Initially largely uncontested — thanks both to Emperor Haile Selassie’s desperate faith in international brotherhood and to a hearty dose of Quislingism from his leading nobles — when ‘war’ eventually did break out it was so one-sided that Ethiopian women were gathering spent bullet casings for reuse while Italian planes (the older Ethiopians believing these were dragons) dropped poison gas on them. Selassie, meanwhile, fled to England.
The case is made that women are by nature so inured to horror that war is just something they take in their stride
The conflict inevitably degenerated into guerrilla tactics on the one side and terrible reprisals on the other. Step forward Ettore Navarra in Maaza Mengiste’s novel, ‘an earnest young Venetian who has come into [the] army with a camera’, and whose colonel now instructs him to document the founding of this new Etiopia italiana. (Stand by for ‘shooting’ tropes.)
Step forward also Hirut, a highland servant girl, and other women from all levels of Ethiopian society, who reject their traditional wartime roles as nurses and corpse-buriers, and together manufacture the illusion — ‘shadow king’ — that the emperor has not abandoned his people and his country after all.

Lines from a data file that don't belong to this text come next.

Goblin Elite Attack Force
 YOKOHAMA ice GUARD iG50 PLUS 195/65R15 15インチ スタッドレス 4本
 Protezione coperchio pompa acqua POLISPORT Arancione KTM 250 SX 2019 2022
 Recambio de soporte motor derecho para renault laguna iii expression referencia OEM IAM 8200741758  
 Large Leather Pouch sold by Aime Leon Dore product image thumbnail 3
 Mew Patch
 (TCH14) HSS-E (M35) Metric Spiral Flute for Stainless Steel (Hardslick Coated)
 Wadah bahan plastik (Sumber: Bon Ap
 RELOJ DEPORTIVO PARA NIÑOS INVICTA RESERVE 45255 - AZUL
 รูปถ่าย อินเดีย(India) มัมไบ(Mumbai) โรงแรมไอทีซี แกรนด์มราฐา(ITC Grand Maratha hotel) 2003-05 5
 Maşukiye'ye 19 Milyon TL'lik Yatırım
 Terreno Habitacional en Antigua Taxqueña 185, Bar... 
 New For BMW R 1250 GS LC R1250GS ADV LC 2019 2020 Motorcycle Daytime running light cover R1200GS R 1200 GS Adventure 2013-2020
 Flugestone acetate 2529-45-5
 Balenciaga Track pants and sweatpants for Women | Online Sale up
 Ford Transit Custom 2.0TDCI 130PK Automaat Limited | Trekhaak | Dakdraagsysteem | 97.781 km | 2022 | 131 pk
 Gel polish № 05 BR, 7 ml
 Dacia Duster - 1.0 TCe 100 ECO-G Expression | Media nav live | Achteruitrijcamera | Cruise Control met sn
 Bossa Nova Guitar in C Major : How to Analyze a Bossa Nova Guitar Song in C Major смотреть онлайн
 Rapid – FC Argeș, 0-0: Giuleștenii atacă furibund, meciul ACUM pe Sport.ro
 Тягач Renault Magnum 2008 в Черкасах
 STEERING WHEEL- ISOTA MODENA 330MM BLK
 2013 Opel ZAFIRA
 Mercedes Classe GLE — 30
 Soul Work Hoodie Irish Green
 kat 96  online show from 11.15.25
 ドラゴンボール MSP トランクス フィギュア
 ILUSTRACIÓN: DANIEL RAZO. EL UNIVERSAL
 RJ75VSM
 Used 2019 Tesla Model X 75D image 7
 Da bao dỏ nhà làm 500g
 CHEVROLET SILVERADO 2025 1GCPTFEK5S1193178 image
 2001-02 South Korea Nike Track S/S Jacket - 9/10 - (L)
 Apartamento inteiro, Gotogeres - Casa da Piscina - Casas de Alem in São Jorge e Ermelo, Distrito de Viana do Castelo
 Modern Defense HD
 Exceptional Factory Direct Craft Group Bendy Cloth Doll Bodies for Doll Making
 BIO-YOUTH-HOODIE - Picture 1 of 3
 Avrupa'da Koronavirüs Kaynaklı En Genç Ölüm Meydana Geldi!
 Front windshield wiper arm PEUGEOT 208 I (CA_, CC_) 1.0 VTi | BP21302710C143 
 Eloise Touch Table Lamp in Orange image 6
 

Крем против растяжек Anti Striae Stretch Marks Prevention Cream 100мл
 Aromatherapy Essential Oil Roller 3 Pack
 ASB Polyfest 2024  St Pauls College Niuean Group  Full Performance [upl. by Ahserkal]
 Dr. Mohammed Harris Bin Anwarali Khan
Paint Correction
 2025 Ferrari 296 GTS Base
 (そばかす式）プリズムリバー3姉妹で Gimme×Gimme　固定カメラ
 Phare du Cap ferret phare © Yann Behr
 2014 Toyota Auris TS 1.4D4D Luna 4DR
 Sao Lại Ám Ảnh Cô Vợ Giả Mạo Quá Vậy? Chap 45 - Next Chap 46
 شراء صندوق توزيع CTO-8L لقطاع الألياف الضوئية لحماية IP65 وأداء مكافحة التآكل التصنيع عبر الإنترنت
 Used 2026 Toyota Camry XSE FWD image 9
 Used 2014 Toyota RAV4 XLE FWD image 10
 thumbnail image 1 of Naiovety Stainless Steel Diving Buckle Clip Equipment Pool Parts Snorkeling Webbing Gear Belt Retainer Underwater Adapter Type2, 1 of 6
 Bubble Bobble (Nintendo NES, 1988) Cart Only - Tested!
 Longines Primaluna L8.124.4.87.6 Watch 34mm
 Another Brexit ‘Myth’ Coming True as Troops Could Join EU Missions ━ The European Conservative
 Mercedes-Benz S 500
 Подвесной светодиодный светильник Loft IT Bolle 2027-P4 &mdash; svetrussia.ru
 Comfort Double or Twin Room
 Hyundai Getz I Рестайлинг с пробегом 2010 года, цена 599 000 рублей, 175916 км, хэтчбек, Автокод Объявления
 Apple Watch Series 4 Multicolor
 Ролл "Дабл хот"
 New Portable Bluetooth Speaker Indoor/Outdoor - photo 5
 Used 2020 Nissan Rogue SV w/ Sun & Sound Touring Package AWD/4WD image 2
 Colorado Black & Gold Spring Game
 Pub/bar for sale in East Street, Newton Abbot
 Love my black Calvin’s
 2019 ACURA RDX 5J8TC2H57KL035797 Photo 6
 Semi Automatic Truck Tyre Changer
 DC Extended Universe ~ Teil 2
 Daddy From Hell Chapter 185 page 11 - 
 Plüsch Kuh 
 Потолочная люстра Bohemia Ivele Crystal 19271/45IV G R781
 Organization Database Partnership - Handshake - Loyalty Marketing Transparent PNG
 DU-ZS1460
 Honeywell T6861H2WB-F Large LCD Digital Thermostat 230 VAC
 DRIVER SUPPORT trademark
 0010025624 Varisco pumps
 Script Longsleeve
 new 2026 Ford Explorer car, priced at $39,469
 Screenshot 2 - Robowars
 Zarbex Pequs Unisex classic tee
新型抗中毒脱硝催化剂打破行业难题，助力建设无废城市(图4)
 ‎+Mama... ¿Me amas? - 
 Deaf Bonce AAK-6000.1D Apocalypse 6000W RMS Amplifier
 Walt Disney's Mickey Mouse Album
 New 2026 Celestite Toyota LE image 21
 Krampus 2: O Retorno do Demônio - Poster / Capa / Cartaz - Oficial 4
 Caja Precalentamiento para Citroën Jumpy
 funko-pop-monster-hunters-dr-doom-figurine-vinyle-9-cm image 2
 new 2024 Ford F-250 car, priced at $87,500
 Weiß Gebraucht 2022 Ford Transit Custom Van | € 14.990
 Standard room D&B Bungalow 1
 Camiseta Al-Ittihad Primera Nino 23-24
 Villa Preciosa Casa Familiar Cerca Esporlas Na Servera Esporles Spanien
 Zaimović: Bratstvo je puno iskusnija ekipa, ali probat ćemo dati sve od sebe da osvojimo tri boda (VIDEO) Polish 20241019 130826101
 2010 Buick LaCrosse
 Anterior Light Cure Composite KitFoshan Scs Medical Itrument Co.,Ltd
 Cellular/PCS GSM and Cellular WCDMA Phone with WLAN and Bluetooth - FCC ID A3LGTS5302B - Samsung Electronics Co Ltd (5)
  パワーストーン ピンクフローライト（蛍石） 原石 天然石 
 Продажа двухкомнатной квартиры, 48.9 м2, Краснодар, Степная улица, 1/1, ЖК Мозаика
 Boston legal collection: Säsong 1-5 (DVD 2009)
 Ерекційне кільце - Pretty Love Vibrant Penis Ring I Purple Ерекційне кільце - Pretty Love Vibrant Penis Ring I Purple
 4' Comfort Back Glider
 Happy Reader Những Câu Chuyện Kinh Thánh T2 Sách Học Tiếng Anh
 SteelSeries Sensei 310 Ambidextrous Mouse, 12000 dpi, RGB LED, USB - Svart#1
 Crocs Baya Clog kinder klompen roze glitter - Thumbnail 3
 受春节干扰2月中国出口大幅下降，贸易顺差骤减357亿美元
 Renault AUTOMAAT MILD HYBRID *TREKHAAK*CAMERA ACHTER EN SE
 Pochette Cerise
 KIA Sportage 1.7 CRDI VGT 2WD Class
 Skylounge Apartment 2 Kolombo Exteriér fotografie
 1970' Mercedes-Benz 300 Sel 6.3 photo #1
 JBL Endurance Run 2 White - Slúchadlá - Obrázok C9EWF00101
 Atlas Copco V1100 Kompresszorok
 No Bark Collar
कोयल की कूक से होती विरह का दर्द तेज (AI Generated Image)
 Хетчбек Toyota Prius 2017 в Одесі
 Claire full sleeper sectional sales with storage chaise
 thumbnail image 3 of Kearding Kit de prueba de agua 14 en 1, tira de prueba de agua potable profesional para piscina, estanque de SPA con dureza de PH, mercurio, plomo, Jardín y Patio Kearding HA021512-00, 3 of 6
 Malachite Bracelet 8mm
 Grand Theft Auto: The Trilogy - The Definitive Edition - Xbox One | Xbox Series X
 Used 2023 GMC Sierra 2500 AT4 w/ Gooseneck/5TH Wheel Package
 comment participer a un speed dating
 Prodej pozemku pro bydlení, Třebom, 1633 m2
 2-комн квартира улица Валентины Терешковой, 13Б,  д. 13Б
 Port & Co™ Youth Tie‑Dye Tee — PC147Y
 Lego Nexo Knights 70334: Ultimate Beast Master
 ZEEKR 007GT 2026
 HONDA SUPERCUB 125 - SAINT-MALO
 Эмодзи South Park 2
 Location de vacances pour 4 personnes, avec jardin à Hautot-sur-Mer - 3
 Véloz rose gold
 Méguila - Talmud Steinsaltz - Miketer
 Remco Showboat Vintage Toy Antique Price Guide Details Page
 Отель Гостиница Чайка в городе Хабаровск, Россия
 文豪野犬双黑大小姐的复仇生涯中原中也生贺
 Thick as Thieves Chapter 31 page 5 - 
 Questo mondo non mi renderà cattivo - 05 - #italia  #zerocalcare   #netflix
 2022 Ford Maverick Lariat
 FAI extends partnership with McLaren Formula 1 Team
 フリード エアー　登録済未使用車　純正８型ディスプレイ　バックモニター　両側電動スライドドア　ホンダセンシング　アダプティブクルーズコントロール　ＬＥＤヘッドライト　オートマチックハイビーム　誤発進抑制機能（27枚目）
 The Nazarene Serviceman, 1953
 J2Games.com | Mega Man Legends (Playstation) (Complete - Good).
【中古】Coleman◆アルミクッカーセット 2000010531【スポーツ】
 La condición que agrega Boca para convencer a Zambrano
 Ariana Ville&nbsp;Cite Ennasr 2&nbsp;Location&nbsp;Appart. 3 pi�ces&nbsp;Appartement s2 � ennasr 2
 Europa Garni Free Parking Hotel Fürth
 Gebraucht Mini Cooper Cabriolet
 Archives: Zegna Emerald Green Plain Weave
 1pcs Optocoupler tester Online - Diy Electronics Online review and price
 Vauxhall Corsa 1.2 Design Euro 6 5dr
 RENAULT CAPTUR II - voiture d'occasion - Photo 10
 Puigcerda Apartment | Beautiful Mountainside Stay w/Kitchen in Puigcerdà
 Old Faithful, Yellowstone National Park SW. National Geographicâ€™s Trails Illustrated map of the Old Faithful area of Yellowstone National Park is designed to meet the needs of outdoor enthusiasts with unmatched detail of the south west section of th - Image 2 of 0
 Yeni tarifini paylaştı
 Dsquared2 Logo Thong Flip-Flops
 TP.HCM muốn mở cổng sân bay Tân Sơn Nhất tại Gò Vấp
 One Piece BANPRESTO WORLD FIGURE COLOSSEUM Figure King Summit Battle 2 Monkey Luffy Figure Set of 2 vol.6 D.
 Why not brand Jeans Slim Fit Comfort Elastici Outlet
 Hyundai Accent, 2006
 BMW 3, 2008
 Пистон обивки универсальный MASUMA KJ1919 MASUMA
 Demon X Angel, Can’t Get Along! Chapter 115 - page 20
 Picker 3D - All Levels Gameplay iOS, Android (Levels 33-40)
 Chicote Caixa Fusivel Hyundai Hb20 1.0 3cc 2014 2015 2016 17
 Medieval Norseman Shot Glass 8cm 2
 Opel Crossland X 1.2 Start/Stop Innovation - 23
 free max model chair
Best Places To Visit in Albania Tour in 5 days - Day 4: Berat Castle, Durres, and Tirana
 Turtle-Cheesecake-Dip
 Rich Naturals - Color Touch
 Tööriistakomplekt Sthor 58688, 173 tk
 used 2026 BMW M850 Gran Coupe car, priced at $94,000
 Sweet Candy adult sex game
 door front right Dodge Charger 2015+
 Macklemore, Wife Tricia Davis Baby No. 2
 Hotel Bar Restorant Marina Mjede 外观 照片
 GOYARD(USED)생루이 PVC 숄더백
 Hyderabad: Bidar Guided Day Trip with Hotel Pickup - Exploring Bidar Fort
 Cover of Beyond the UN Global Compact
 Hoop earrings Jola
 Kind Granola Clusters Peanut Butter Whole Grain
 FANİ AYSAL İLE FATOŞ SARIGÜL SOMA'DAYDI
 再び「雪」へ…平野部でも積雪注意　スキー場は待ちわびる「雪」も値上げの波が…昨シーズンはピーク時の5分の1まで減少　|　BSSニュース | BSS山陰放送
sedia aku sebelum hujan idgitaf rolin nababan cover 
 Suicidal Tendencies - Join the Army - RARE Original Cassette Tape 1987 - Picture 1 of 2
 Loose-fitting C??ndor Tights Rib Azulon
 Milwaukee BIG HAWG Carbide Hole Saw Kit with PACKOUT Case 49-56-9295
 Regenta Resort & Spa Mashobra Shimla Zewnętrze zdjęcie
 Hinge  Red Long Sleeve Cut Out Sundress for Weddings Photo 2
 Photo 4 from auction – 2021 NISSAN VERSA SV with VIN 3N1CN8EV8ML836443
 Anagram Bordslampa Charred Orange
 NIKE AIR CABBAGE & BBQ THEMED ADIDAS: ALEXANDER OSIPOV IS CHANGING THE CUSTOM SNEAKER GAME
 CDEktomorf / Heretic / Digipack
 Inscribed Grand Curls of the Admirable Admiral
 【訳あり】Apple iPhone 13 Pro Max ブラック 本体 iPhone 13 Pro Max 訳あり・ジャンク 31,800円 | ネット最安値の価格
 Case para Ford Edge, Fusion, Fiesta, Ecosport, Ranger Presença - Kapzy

This being the story of an unremembered war, bedecked with referential trimmings of Old Testament, Homeric myth and Verdian opera, and book-ended by Victorian and Cold War military contexts, I had expected to enjoy The Shadow King a lot more. Alas, although it hardly frames itself as Abyssinian Andy McNab, this tale of ‘what it means to be a woman at war’ is overwhelmingly more about the former than the latter.